The SPA folder contains data from the Stanford Phonology Archive:

Crothers, J. H., Lorentz, J. P., Sherman, D. A., & Vihman, M. M. (1979). Handbook of phonological data from a sample of the world’s languages: A report of the Stanford Phonology Archive. Palo Alto, CA: Department of Linguistics, Stanford University.

The contents and extraction pipeline for these data are described in (chapter 4):

Moran, Steven. (2012). Phonetics Information Base and Lexicon. PhD thesis, University of Washington. Online: https://digital.lib.washington.edu/researchworks/handle/1773/22452.

The data are available in phoible long format in SPA_Phones.tsv.

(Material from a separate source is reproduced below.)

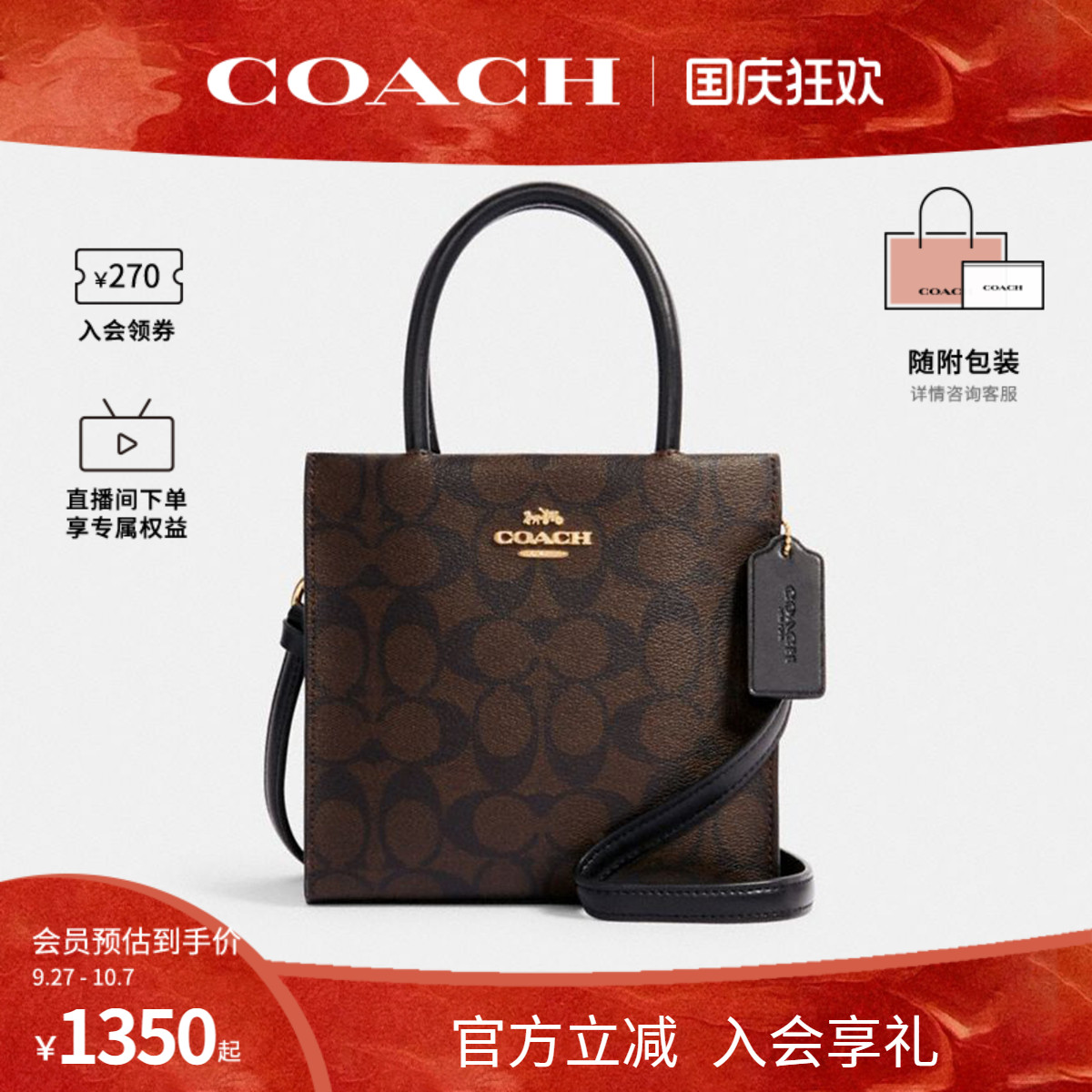 COACH/蔻驰女士单肩斜挎手提包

The inventories contain the language name given in the source and their phonemes, allophones and tones. The inventories file also contains additional information in the form of footnotes, which are explained in detail in the original source (Crothers et al., 1979)

We have converted IPA symbols in the raw data in line with the phoible conventions and Unicode IPA as described in the SPA_IPA_correspondences.tsv file.

Note that the ISO 639-3 codes in the SPA source may be out of date with the current ISO 639-3 standard. For more info, see: https://iso639-3.sil.org/.

For up-to-date language codes for each inventory, we maintain a phoible index here: InventoryID-LanguageCodes.tsv.